No, no, lo seguo e mi piace tanto, ma il problema è che non è brutto come quello americano. Lo frequento tanto, ho fatto una cura di cinema giapponese mentre lavoravo a “7 14 21 28”, che è un ideogramma in scena ispirato sia alla cultura giapponese che a quella cinese. In “Fratto X” ad esempio c’è la copia del trono di guerra che c’è ne “I sette samurai” di Kurosawa.
Sono molto affezionata alla cultura giapponese, volevo andarci quest’anno. Peccato. Anche l’arte giapponese, la danza butoh, ci sono cose splendide.

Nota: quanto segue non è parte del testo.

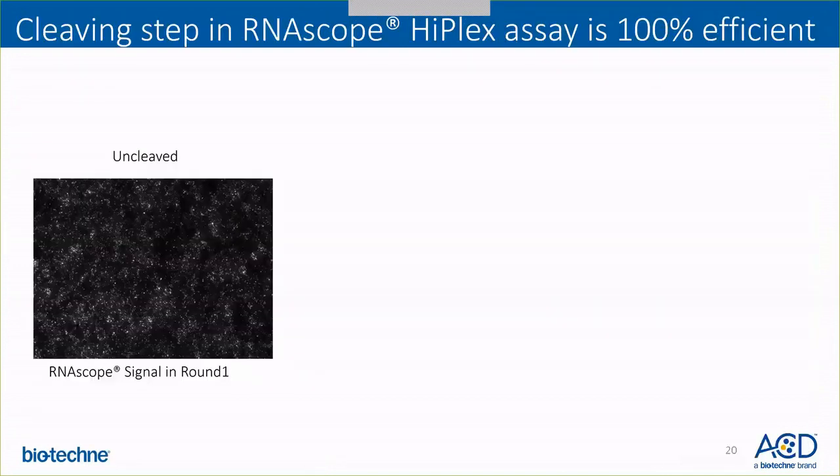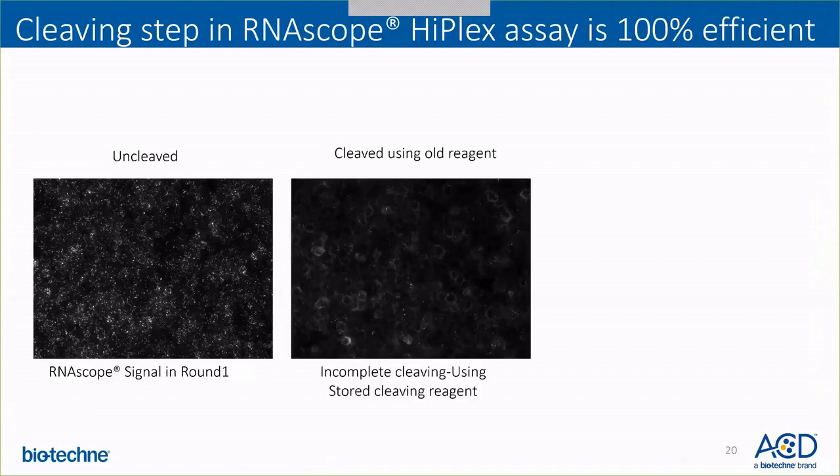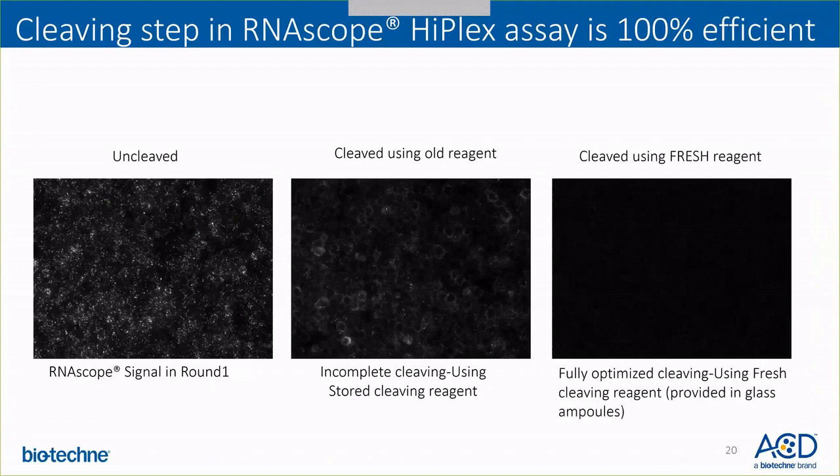Another question is: how efficient is the cleaving step of the RNAscope HyPlex assay? The cleaving step is 100% efficient when optimized. As you can see here, the panel shows the signal of the RNAscope HyPlex assay — when you don't cleave it you see some dots, and if cleaving is not optimized you may see fainter dots. But if the cleaving is completely optimized using the fresh cleaving reagent that comes with the RNAscope HyPlex assay, you can see 100% cleaving. Please make sure you are using the fresh cleaving reagent out of the glass ampoule and not a stored cleaving reagent.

Cosa ci aspetta dietro l’angolo?
Non so dirti, ho una certa ansia, non lo so o non lo voglio capire, spero che non ci educhino all’isolamento perenne, sarebbe una rottura di scatole incredibile. Io vivo in funzione della gente. Certe volte vado a Roma, salgo sulla metro solo per osservare le persone, sentire i suoni: poi traduco tutto questo nel mio lavoro. A volte verso Rebibbia, altre verso piazza del Popolo. Se ho voglia di schiettezza popolare Rebibbia, se invece voglio vedere il target turista, cambio: pure i turisti sono strani, eh. Adesso da un po’ le stazioni Repubblica e Spagna sono chiuse. La realtà esplorativa di chi ama andare in giro è più ristretta. Non prendo appunti perché mi farei influenzare. Prendo questi incontri come prendi il sole, li incamero, poi torno a casa e in qualche modo e forma escono nel mio lavoro.